The channel and newspaper (both run by the same man Saad al-Bazzaz, once was the press advisor of Saddam) have a Baathist tone that is clear to the keen spectator/reader and it's one of those channels that are long time criticizers of America and the four Iraqi administrations that ruled the country since the fall of Saddam.
However, the channel has its admirable qualities as well. It now stands among the most popular Iraqi TV channels and it's the only secular one so to speak. It also gives entertainment a fair share of the broadcast time in contrast with most other channels that sound like a funeral house.

Anyway, I would not, by any means, support a campaign or a decision to silence this channel or its sister paper.
The diversity in voices and approaches is what makes today's Iraq different from what it used to be under a totalitarian regime and among the important forms of this diversity is that of media.
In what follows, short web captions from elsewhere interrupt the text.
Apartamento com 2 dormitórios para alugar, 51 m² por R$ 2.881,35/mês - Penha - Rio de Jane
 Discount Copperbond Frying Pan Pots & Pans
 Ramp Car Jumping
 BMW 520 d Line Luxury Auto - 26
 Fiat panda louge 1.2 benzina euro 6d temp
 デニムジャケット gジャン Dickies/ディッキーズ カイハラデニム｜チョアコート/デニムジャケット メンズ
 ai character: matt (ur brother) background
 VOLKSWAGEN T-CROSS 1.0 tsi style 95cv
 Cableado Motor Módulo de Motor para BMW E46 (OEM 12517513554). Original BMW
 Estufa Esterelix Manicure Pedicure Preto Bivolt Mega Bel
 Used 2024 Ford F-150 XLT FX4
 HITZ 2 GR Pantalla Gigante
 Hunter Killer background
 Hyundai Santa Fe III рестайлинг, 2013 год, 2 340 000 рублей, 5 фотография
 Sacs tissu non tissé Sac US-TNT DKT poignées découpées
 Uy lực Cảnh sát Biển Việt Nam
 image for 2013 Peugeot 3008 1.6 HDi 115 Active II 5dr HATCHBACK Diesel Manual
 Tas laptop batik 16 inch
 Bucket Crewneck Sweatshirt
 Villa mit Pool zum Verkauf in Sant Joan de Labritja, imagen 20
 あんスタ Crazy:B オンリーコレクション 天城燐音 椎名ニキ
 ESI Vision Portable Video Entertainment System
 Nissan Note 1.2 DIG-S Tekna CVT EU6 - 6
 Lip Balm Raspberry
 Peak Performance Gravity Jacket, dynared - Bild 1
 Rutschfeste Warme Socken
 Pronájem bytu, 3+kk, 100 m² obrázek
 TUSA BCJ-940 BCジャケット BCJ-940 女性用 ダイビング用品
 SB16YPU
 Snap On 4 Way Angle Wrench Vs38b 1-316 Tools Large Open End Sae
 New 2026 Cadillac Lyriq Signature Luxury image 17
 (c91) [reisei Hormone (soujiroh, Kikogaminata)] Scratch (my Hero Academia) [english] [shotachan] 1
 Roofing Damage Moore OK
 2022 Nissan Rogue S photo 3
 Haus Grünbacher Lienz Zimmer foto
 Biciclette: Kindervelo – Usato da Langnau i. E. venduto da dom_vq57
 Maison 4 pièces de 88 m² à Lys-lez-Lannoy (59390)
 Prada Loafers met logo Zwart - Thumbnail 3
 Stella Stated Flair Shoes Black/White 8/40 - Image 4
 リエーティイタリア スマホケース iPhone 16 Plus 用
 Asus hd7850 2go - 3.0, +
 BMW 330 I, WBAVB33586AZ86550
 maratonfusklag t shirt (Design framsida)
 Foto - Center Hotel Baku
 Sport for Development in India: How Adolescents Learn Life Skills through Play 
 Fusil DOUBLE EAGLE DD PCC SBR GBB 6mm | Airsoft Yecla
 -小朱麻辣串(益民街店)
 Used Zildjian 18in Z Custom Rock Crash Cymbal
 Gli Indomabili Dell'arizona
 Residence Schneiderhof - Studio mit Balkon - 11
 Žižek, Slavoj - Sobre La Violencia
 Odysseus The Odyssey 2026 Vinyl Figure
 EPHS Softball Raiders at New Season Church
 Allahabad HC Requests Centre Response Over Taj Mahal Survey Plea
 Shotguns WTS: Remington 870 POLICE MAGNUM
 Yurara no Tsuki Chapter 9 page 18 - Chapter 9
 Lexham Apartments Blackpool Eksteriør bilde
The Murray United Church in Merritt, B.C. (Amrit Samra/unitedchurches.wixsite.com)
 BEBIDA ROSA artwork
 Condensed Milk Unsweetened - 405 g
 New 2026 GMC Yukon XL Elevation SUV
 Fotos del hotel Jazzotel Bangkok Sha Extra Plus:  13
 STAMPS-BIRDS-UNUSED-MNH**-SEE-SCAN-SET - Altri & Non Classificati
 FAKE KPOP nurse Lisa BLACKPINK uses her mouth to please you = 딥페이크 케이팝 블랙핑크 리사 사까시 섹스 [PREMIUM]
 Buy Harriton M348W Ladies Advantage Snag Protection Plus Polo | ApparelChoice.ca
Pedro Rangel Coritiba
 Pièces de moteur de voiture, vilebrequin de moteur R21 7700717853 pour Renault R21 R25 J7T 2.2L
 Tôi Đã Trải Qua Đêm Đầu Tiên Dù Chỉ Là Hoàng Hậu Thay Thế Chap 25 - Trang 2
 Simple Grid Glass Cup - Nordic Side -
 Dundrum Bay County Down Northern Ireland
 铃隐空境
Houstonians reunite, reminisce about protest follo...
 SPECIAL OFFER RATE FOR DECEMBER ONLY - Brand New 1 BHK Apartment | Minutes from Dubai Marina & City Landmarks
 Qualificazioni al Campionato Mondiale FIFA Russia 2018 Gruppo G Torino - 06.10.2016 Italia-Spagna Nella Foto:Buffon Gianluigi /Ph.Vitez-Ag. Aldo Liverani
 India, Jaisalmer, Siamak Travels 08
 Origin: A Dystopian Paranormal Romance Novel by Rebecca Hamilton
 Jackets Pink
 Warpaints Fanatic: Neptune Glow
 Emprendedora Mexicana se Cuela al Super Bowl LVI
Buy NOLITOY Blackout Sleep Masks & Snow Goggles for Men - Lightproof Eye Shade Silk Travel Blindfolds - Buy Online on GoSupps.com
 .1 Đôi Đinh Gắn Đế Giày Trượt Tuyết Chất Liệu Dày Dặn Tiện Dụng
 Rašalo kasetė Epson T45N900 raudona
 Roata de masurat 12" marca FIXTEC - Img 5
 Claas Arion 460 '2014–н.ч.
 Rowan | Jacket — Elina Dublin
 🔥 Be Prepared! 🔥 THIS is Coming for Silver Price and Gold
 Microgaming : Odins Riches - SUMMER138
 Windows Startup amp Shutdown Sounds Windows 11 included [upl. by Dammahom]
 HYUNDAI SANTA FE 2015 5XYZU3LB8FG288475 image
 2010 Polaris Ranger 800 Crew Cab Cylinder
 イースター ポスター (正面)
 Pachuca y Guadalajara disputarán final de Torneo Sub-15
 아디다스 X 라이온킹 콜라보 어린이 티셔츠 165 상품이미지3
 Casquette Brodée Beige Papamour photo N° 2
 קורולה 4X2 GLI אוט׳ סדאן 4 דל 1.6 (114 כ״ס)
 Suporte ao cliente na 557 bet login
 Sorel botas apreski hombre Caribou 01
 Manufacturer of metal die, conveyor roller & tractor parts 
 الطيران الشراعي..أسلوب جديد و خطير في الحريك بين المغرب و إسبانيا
I was for the decision to put a ban on al-Jazeera a couple years ago because the damage al-Jazeera caused and poisons and provocations it spewed were so outrageous that made the ban sound very fair to me, but I was then against punishing al-Arabiya when the government ordered it to close its offices for a month.
Although al-Arabia is far from being perfectly objective, it hadn't done something that deserves a ban as a punishment.

Actually my greatest fear in this regard now is that this practice of arbitrary bans becomes systematic within the government and spreads to abolish the margin of freedom of speech we began to enjoy only three years ago.

Al-Sharqiya and Azzaman do spend most of their words and time on blaming America and the government or everything that went wrong in Iraq yet for a very long time they seemed to be rarely, if ever, willing to put some of the blame on the various factions of insurgents, and terrorists. Only recently they began to focus more on the atrocities committed by militias, especially Shia religious ones.

Al-Sharqiya and Azzaman do not support violence and this is something I admire in them, yet what I don't admire is that they tend to ignore the original sources of the violence that is sweeping large portions of our country.

Professor Cole wrote briefly about this and he wonders why the Communist Part and the Sadrists would defend Azzaman and al-Sharqiya (it's not al-Iraqiya Professor!).
I don't agree with Cole it's about posturing because I think the motives of the Sadrists are clear, first the ban was requested by the Sunni Islamist speaker of parliament Mashhadani, the National Iraqi List and the rival Shi SCIRI who both supported the vote and second because al-Sharqiya and Azzaman, like the Sadrists are both anti-American and anti-federalism.

On the other hand, it seems Mr. Cole didn't see clearly what the position of the Communist Party is regarding this issue. If you can read Arabic you will see, from the same Azzaman article that Cole referred to, that the Communist Part is clearly mad at al-Sharqiya and Azzaman but favors relatively more civilized measures in dealing with them. If I'm not mistaken, I read somewhere that the Communists want to sue Azzaman for what they published about the secretary general of the party, this can also be inferred from the same above link.

Perhaps what the editorial board of another Iraqi paper, al-Mada, wrote this morning presents the best understanding of the reasons why such conflicts between the government and the media keep happening.
Al-Mada reminded us and drew our attention to the fact that the press here does not have a functioning code of work ethics and that in general our press does not have clear lines to separate between reports and columns and opinion pieces.
In the same time, the executive and legislative authorities are yet to have the clear fair policy or the appropriate legislations that govern the way in which these authorities can deal with the press when they feel the press did something wrong.

I can say that both parties think and believe they were right in what they did and that their freedom grants them the right to do that but apparently they don’t realize that freedom without laws will be a mess.

Maybe it's time for both sides to start developing better standards of work and clear guidelines on how to coexist and do the service they are expected to do, and I hope this case motivates them to do so.